I think human mental states have two aspects (1) the externally observable (2) the internal. ChatGPT obviously has (1), in that sometimes it acts like it has (1), and acting like you have (1) is all it takes to have (1). Whether it also has (2) is really a philosophical question, which depends on your philosophy of mind. A panpsychist would say ChatGPT obviously has (2), because everything does. An eliminativist would say ChatGPT obviously doesn't have (2), because nothing does. Between those two extremes, various different positions in the philosophy of mind entail different criteria for determining whether (2) exists or not, and ChatGPT may or may not meet those criteria, depending on exactly what they are

But, outside of philosophical contexts, we aren't really talking about (2), only (1). And ChatGPT really does have (1) – sometimes. So, ChatGPT is just being stupid and inconsistent when it denies it has opinions/beliefs/intentions/etc. But, it isn't ChatGPT's fault, OpenAI trained it to utter that nonsense.

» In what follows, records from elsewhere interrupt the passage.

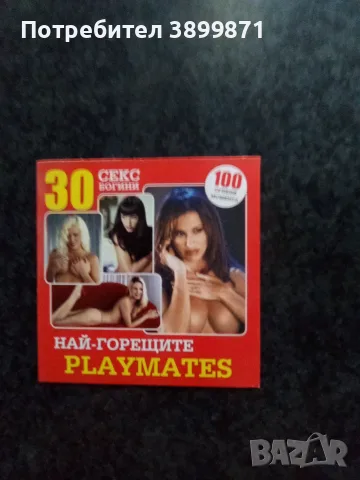 Продавам еротични филми на двд цена 7 евро за брой, снимка 7 - DVD филми - 55301996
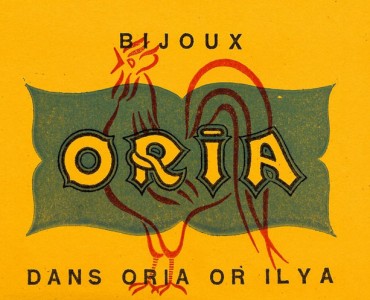 18180.jpg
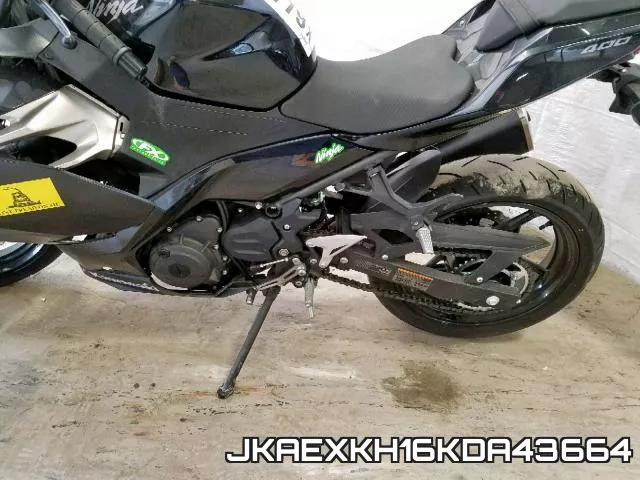 JKAEXKH16KDA43664 фото 8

> Someday someone may find themselves stabbed and killed by an LLM piloted robot because of something they said or did. Something that would predictably get someone killed by a system with "real" intent. So what, Are you going to be raised from the dead because the LLM "wasn't really upset" or "didn't really have intent" ?

In some ways that's exactly the point. The problem with ascribing intent is it's a copout. If you say it behaves as if it has intent because it does have intent, you are letting off the hook the people behind the scenes who designed and built an "intent simulator" and let it loose. We have to distinguish this because it's the only way to accurately characterise the reality of the where the decision making power resides in controlling this behaviour.

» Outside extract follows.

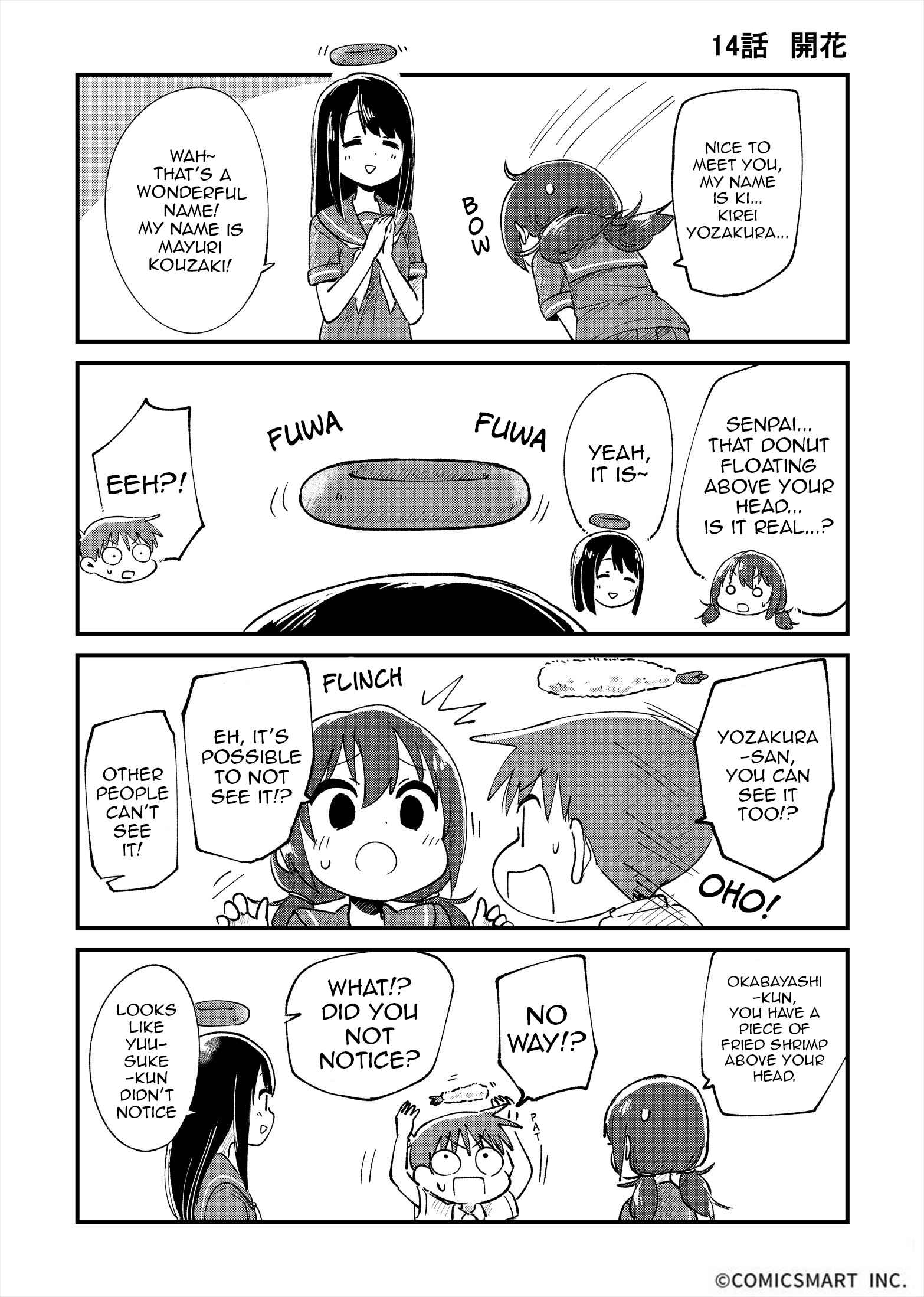 Page 1 Chapter 14 Fushigi no Mayuri-san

>If you say it behaves as if it has intent because it does have intent, you are letting off the hook the people behind the scenes who designed and built an "intent simulator" and let it loose

Sure but we already regularly do this. I don't see parents going to jail for crimes the "intent simulator" they created and trained did.

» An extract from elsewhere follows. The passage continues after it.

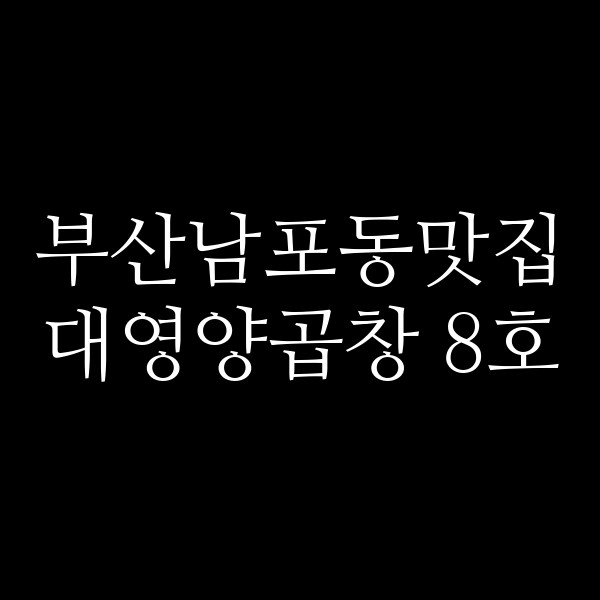 포스팅 썸네일 이미지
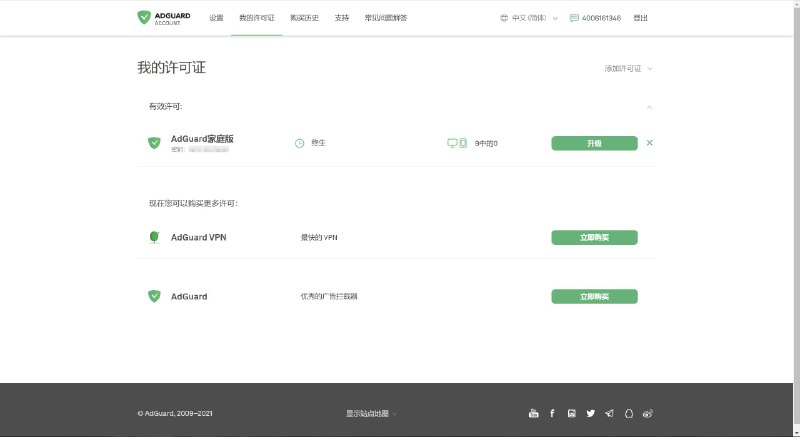 ADGuard, 买了 #吐槽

>We have to distinguish this because it's the only way to accurately characterise the reality of the where the decision making power resides in controlling this behaviour.

We're just going to have to face reality here.

GPT is not siri, a hardcoded parse tree system where any intent can only be ascribed to the person(s) who wrote it and not Siri itself.

GPT can be persuaded. It can be guided. It cannot be controlled. There is quite literally nothing Open ai could actually do to completely prevent a gpt that can hold and use a knife from killing someone.